-- Opening Marker --

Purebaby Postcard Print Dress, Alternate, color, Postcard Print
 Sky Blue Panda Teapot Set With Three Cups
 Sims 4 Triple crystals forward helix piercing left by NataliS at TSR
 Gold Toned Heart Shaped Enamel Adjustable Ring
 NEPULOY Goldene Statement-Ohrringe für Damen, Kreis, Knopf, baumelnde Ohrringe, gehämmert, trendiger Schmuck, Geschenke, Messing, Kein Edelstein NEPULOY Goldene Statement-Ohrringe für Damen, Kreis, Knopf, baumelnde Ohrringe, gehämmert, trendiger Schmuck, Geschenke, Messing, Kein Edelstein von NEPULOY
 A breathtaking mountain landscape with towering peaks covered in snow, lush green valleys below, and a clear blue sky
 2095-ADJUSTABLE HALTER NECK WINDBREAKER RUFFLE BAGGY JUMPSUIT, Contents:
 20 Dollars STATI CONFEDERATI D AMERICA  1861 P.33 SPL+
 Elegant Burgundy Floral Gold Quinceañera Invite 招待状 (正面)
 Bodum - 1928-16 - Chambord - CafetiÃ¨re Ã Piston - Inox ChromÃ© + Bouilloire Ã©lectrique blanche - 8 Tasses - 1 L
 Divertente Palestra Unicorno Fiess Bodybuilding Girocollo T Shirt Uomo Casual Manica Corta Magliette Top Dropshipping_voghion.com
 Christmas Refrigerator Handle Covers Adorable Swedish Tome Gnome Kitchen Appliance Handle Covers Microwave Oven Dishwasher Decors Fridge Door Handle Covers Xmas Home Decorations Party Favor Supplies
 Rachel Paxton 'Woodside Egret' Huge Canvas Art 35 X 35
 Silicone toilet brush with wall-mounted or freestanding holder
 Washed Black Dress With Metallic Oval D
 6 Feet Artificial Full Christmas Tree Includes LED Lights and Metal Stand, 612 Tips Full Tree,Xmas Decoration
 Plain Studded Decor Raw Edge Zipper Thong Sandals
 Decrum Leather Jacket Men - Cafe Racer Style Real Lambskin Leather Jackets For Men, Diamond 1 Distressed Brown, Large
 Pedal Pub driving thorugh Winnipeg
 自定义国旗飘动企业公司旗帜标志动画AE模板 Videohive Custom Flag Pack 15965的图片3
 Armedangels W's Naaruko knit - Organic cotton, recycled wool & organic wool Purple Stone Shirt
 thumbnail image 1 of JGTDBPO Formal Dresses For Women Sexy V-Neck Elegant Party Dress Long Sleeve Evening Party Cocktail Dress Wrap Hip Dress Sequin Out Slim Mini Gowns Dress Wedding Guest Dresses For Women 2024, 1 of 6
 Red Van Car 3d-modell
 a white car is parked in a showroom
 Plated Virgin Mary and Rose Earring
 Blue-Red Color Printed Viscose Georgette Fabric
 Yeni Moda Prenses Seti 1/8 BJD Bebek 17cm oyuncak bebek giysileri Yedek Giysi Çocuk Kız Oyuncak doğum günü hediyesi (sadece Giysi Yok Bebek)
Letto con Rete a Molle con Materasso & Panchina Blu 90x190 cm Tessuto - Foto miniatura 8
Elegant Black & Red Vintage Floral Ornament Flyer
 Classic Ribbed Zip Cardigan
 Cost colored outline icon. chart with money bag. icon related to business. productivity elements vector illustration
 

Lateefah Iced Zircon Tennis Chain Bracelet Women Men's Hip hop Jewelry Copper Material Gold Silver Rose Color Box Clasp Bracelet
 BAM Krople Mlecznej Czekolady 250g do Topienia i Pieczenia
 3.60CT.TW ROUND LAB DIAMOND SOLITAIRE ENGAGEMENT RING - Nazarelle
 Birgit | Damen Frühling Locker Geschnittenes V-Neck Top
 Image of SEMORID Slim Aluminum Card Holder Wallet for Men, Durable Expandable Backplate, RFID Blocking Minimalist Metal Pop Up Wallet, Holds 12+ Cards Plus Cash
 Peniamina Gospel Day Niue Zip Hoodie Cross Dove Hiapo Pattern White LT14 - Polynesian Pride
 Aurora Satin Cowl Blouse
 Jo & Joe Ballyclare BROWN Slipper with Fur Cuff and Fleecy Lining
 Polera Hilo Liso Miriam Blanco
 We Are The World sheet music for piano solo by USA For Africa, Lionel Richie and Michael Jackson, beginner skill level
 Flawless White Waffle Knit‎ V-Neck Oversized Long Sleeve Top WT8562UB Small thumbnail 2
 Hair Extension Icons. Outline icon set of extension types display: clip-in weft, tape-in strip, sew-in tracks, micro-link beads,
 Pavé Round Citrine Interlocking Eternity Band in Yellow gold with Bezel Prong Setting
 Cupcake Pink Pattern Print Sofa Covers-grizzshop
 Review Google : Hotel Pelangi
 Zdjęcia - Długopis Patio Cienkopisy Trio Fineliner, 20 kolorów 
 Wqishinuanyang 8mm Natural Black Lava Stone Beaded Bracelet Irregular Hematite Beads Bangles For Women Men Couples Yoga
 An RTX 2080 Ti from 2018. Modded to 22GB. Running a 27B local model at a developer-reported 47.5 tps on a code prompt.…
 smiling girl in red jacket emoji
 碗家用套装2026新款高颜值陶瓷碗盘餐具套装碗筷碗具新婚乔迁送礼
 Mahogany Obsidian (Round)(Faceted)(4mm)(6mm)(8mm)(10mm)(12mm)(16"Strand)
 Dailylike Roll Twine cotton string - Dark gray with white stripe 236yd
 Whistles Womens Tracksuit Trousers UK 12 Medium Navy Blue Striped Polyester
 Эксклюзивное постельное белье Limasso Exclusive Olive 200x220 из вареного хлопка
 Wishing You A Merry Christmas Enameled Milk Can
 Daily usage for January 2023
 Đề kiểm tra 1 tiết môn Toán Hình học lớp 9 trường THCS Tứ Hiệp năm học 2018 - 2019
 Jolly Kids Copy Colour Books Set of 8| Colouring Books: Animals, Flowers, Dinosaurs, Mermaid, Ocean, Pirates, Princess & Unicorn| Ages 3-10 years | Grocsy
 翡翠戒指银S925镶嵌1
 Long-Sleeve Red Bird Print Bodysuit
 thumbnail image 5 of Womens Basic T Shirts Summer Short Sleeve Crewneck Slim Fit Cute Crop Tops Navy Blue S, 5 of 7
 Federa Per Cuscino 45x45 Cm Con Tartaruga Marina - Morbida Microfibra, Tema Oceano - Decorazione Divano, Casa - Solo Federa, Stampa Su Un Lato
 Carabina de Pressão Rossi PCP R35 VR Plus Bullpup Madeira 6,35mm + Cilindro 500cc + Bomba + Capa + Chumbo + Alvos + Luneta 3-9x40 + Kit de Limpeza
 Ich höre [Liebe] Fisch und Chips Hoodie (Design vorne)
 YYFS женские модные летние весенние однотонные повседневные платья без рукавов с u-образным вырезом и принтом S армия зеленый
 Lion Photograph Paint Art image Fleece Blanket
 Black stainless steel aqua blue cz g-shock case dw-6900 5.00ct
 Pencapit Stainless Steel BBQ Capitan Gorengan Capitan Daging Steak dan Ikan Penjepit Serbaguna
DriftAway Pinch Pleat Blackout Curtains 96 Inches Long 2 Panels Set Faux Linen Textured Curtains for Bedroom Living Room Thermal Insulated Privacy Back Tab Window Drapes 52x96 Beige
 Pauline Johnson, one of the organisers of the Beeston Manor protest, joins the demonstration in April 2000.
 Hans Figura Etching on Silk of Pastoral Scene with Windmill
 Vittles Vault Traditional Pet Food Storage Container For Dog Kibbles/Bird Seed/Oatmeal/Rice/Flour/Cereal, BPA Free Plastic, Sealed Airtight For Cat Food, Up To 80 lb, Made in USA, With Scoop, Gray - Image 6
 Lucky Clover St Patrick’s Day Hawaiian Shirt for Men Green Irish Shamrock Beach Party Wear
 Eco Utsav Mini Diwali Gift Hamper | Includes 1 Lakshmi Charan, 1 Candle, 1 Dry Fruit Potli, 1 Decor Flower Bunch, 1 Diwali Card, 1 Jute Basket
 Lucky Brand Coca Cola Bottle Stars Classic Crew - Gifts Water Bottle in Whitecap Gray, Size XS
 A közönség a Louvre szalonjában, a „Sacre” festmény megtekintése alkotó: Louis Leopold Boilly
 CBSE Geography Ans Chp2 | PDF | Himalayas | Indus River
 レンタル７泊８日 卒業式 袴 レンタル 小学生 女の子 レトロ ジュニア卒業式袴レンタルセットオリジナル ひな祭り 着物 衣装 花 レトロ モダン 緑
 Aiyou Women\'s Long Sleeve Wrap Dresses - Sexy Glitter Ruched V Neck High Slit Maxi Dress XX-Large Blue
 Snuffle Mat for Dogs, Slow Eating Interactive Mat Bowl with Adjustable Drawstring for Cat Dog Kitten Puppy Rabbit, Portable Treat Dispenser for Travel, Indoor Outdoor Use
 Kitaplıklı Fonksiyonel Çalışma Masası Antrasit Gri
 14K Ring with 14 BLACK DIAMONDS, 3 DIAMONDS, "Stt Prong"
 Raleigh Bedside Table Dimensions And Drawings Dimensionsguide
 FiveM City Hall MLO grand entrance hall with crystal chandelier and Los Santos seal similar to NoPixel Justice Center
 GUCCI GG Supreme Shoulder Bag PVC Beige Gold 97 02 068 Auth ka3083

-- Closing Marker --

→ What to work on
The lines above from the one containing "Long-Sleeve Red Bird Print Bodysuit" through the one containing "Ich höre [Liebe]" are to be set down exactly, and no others.

→ Output for this task
 Long-Sleeve Red Bird Print Bodysuit
 thumbnail image 5 of Womens Basic T Shirts Summer Short Sleeve Crewneck Slim Fit Cute Crop Tops Navy Blue S, 5 of 7
 Federa Per Cuscino 45x45 Cm Con Tartaruga Marina - Morbida Microfibra, Tema Oceano - Decorazione Divano, Casa - Solo Federa, Stampa Su Un Lato
 Carabina de Pressão Rossi PCP R35 VR Plus Bullpup Madeira 6,35mm + Cilindro 500cc + Bomba + Capa + Chumbo + Alvos + Luneta 3-9x40 + Kit de Limpeza
 Ich höre [Liebe] Fisch und Chips Hoodie (Design vorne)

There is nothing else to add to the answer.